## AIM OF THE EXERCISE
Retype word for word the stretch of entries below from the line that has "The same process" through the line that has "Even though I'm", and omit the pictures.
::: RECORDS :::
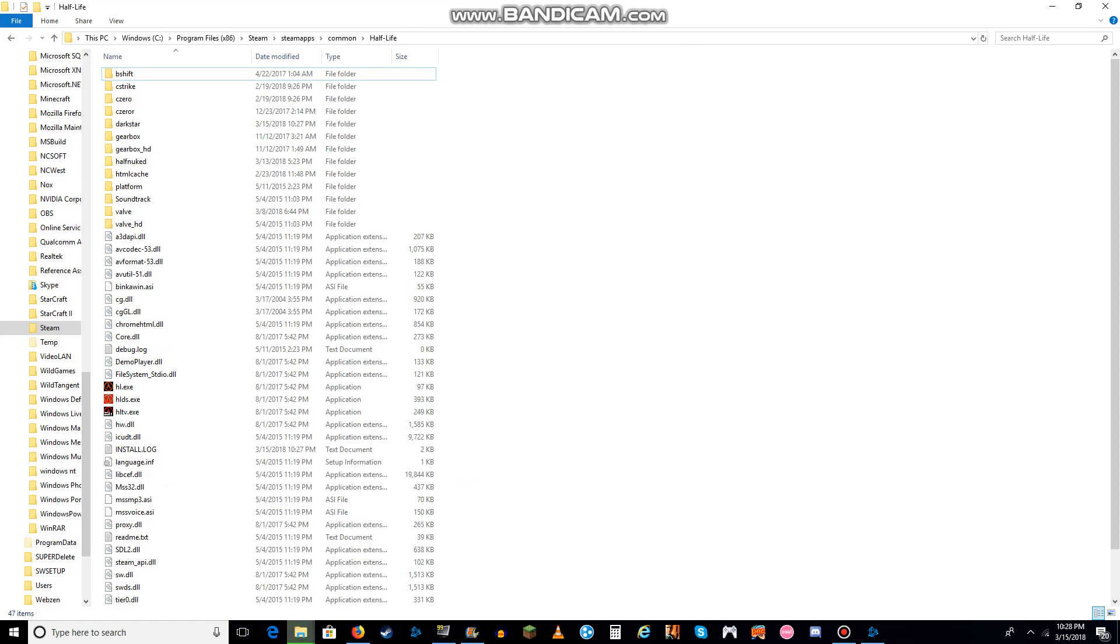Anyways, I hope you guys enjoy how to install Half-Life 1 mods. Peace out, keep on the stealth, laters, bye everyone.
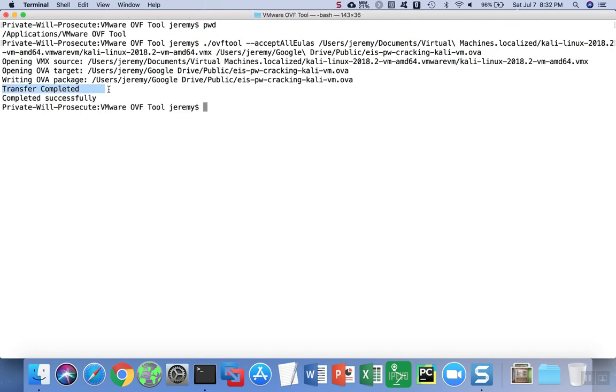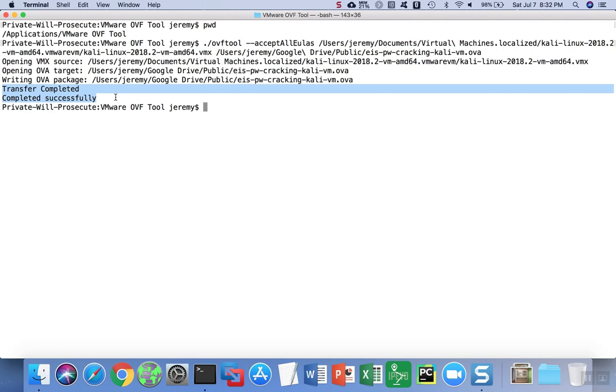Once the process is done, you'll see the success messages, and now you've successfully exported your virtual appliance. You can move it over to another hypervisor or send it to someone else.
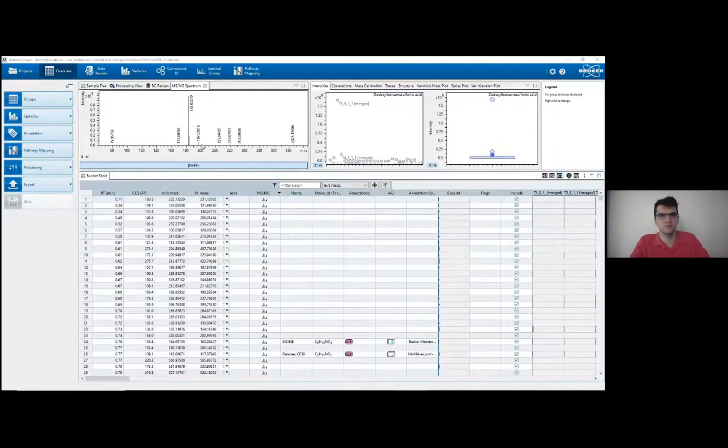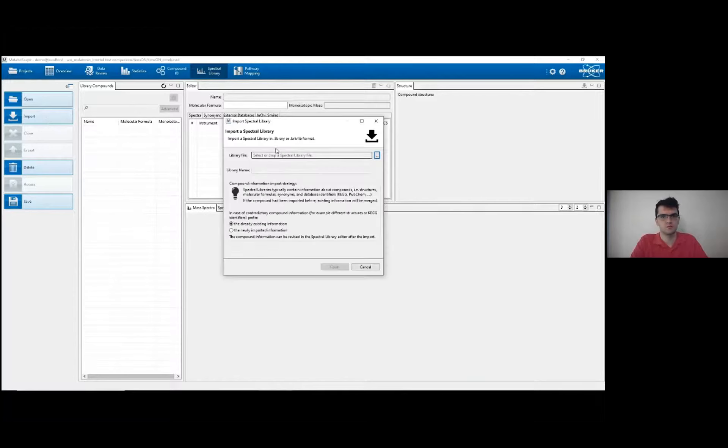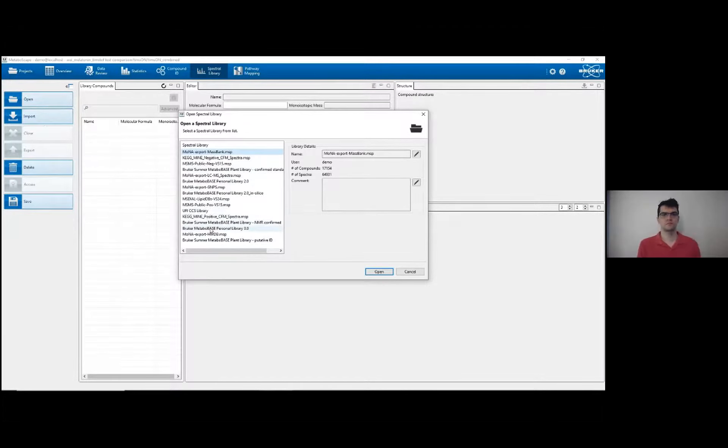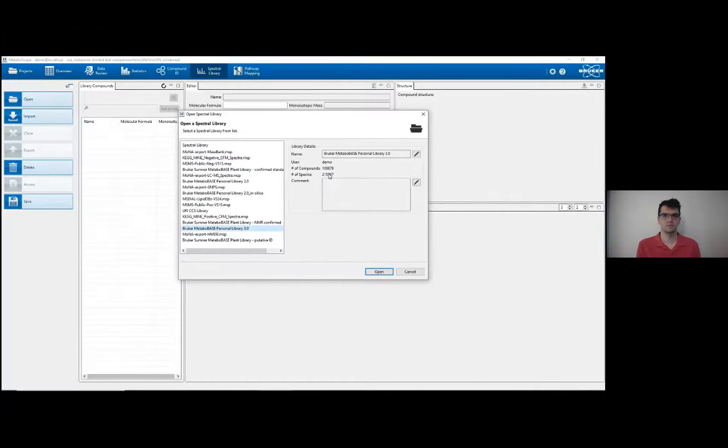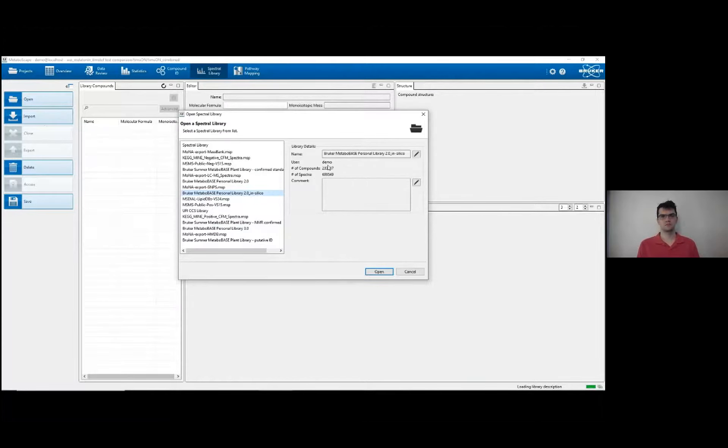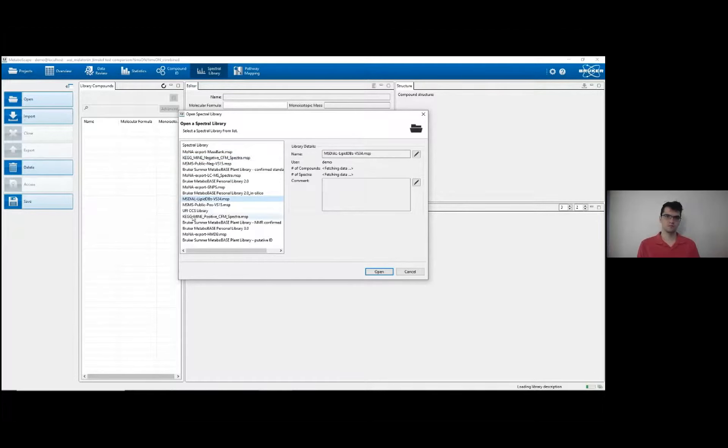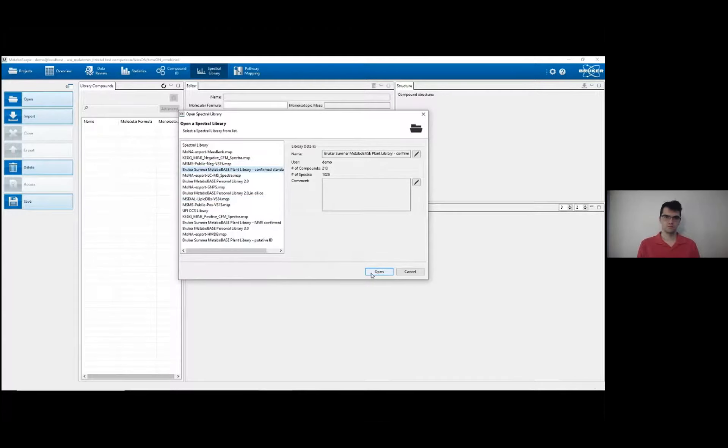Importing a spectral library in MetaboScape is fairly simple. By selecting this tab and hitting import, and picking the right file can be done in one step. I've already done that for a whole variety of spectral libraries here, so I can show you what they look like inside. For example, here we have Bruker's MetaboBase Personal Library 3. This has 100,000 compounds and over 200,000 spectra, so it's very large. We also have this in silico library from Bruker, which has well over 200,000 compounds. You can see it takes a long time to load since there's so many. There are smaller ones here, for example from MONA, KEGG, MassBank, as well as even smaller ones, such as from Lloyd Sumner's lab, who did a lot of different plant compounds. I will open that one since it's small and easy to look through.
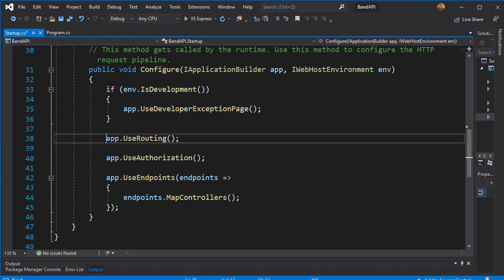We also have the routing setup here because we need to route the requests to appropriate actions and controllers. This basically tells the app how the request is going to be routed. And then we have UseEndpoints, which uses the MapControllers, which maps the action and controller name in the URI.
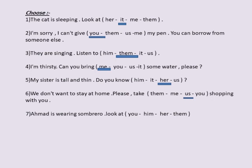Number seven: Ahmed is wearing some prayer beads — look at him. 'Him' refers to Ahmed.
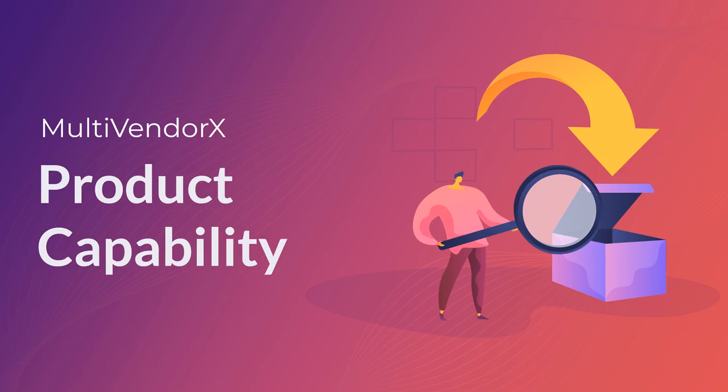Hello and welcome back to MultiVendorX. Today's video will be all about the product capabilities and how vendors can upload products from their end. With MultiVendorX, you have an effective and efficient product manager that lets you help vendors easily handle their products from the vendor dashboard.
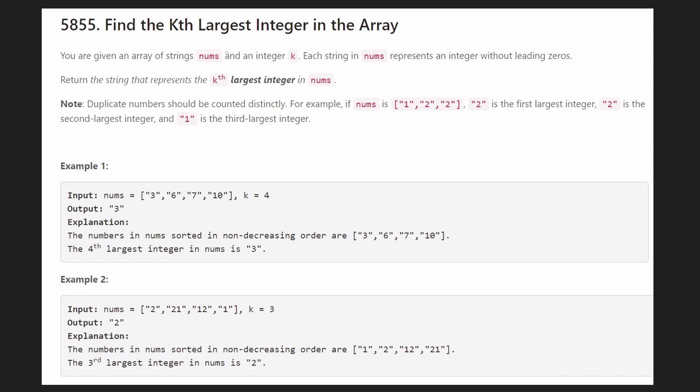Hey everyone, welcome back and let's write some more neat code today. So today let's solve one of the medium problems from today's LeetCode contest: Find the kth largest integer in the array.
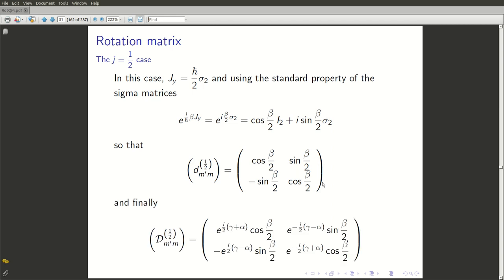We can write down the exponentials of e^{iα/2 · sigma_3} and e^{iγ/2 · sigma_3}, multiply these matrices, or use the formula derived in the last lecture. Either way, the full D^{1/2} matrix just turns out to be this result, and this formula gives you the rule by which you can describe the action of a rotation of coordinates on any kets.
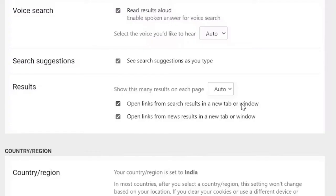And here you will see an option that says 'Open links from search results in a new tab or window.' So this option has been checked.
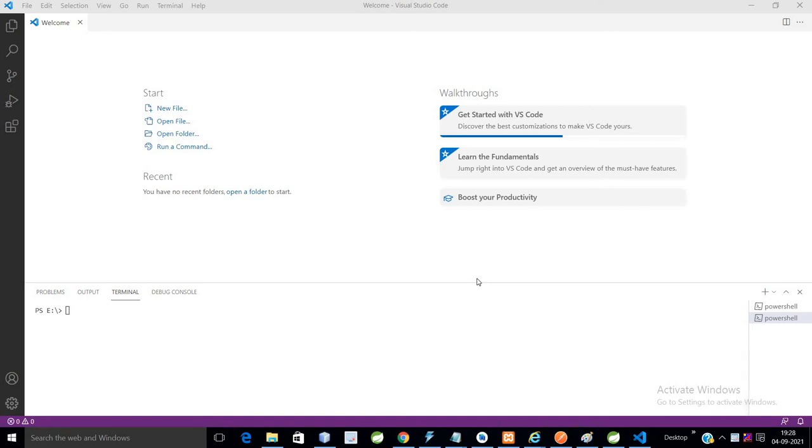Welcome back friends. In this tutorial, we are going to discuss how to create your first React Native application.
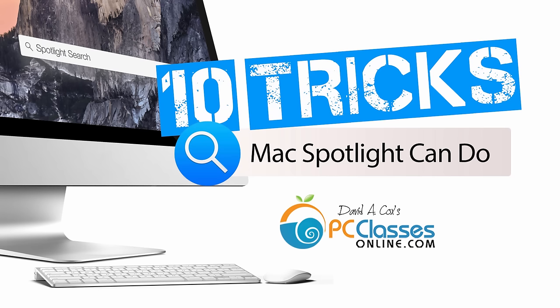So those are my top 10 tricks for Spotlight. But how do you use Spotlight? What features do you like best? What shortcuts have you discovered? Let me know your favorite ways to use Spotlight in the comments below. That's all I got for today. We'll talk to you more on our Facebook page. And we hope to see you in one of our upcoming live classes right here on YouTube. Now y'all get out of here. It's time for recess. Go outside and play. Class dismissed.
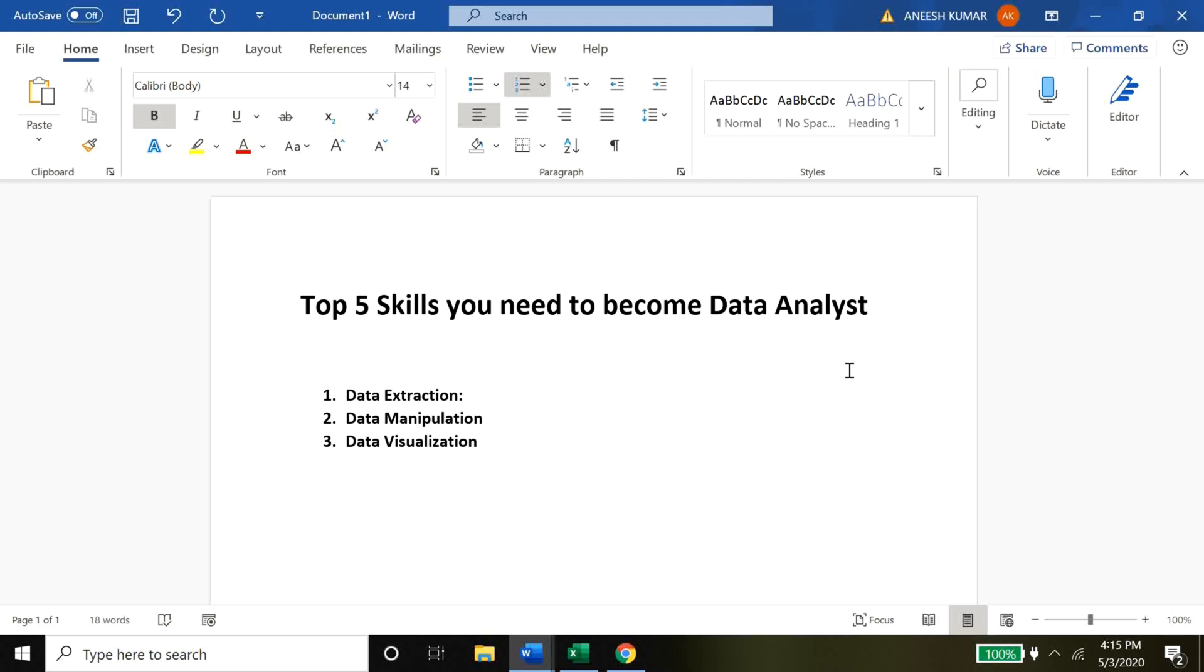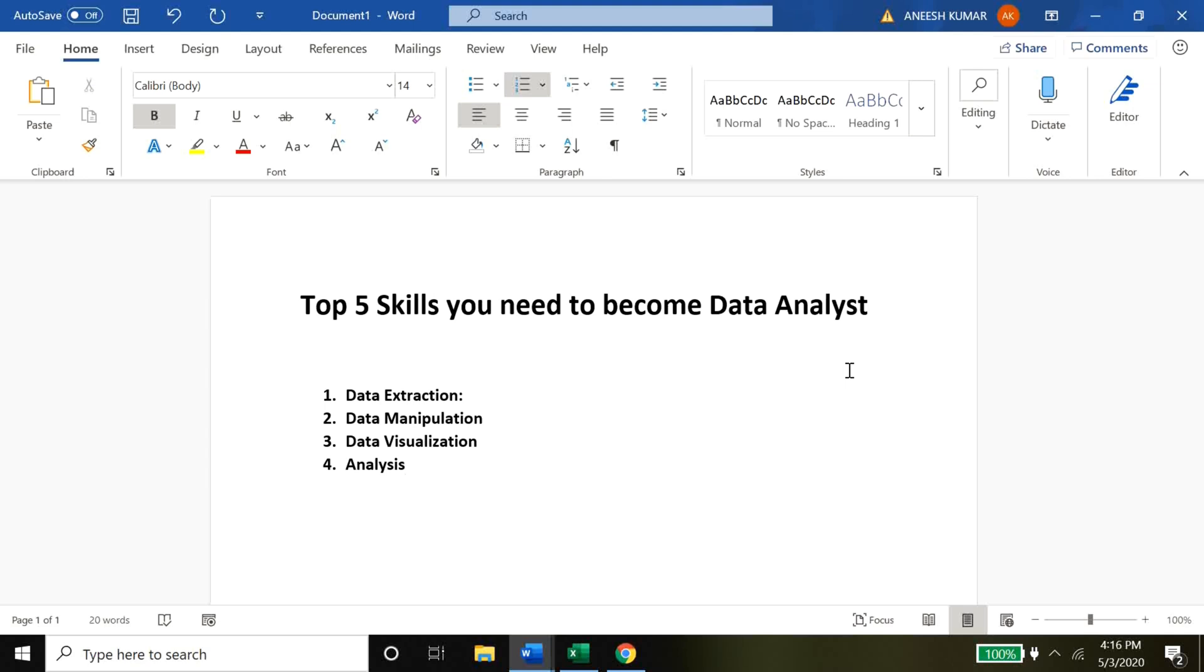The fourth skill that you need is analysis. Once you've set up everything, you've pulled the data in, you've manipulated the data, and you've visualized the data, all you have to do is just do the analysis and come up with the small little details which are not visible when looking at thousands or maybe millions of rows of data. That's the whole purpose of analyzing the data.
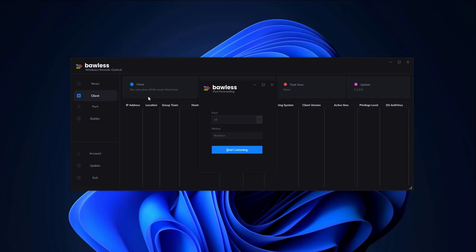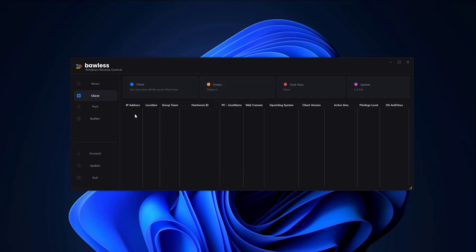Introducing Bolas Windows Remote Control, a powerful tool for managing Windows systems remotely. Bolas Windows Remote Control offers a range of features, including screen and camera monitoring, along with numerous other detailed settings for complete remote management.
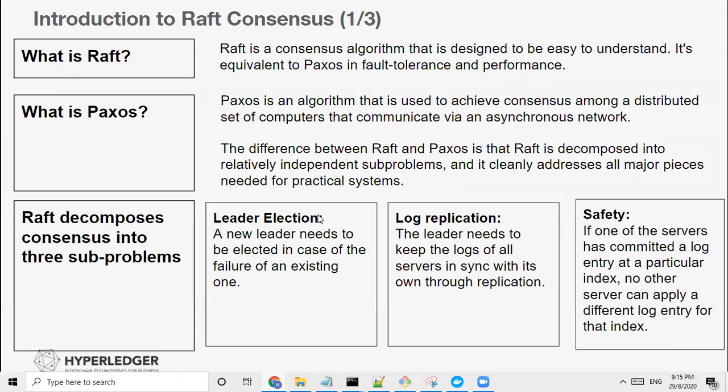Raft is equivalent to Paxos — the design is simplified but achieves what Paxos has done. Paxos is an algorithm used to achieve consensus among a distributed set of computers that communicate via an asynchronous network. We can never assume that the network has no latency — there is a set of fallacies of distributed computing that need to be considered when setting up a distributed network. So what's the difference between Raft and Paxos? Raft is decomposed into relatively independent sub-problems and cleanly addresses all major pieces needed for practical systems.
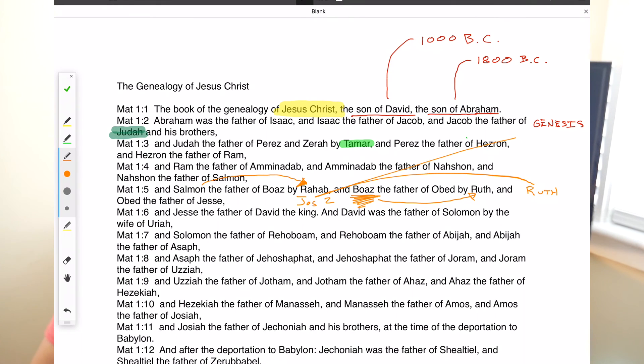As we conclude verse 5: Obed was the father of Jesse. We'll deal with Jesse in verse 6 because Jesse starts a whole other important family for biblical history, and we'll come back to him in our next video. Thanks for watching — I hope you'll join me as we continue through the Bible.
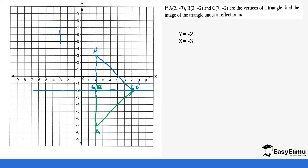The same process is repeated for the mirror line x = -3. We locate negative 3 on the x-axis and draw the mirror line. From B, counting to the mirror line gives 1, 2, 3, 4, 5 steps, so B prime is 5 steps on the other side. For C, counting from the mirror line is 1 through 10 steps, so C prime will be on the right side of the mirror line at the same distance.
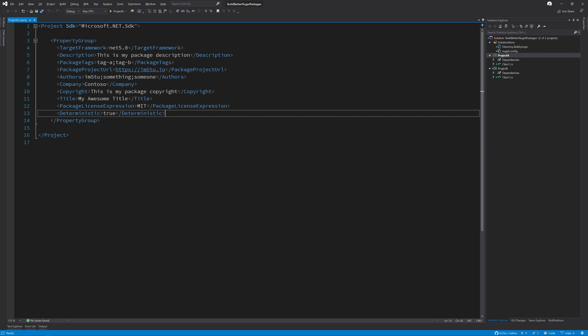Even though I'm going to add the GitHub specific NuGet package, there are also packages for Azure repos, Azure DevOps, GitLab and Bitbucket. So let's add this NuGet package now.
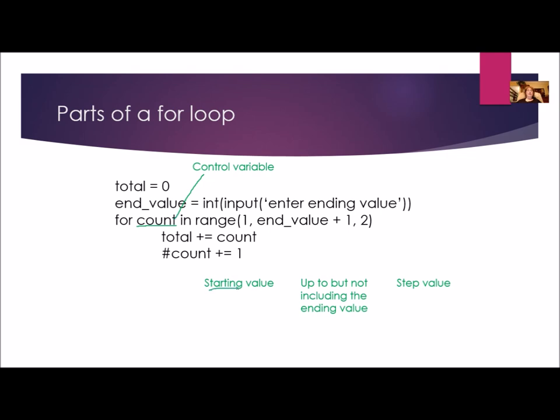The starting value, if it's indicated, it's going to be the first number. And if it's not, then it's going to be zero. The end value is going to be the next number. And remember, it does not include the end value. So if you really do want it, add one. And then there's the step value. And this is how you're going to be incrementing. If there's no step value, it's just going to increment by one. So you start at zero,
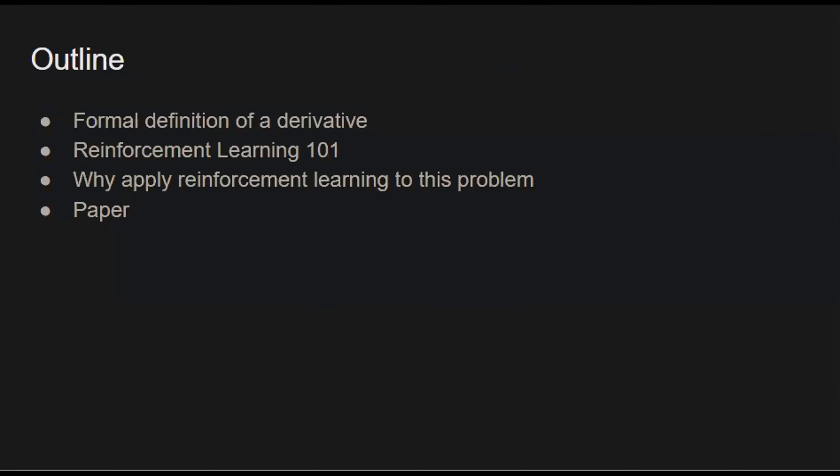I'll start with a broad outline. I'll give a formal definition of a derivative, then a brief overview of reinforcement learning, then talk about why reinforcement learning is applicable to this problem and why it's suitable, and then I'll discuss the paper.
:::
## ANSWER SPACE
The same process is repeated for the mirror line x = -3. We locate negative 3 on the x-axis and draw the mirror line. From B, counting to the mirror line gives 1, 2, 3, 4, 5 steps, so B prime is 5 steps on the other side. For C, counting from the mirror line is 1 through 10 steps, so C prime will be on the right side of the mirror line at the same distance.
Even though I'm going to add the GitHub specific NuGet package, there are also packages for Azure repos, Azure DevOps, GitLab and Bitbucket. So let's add this NuGet package now.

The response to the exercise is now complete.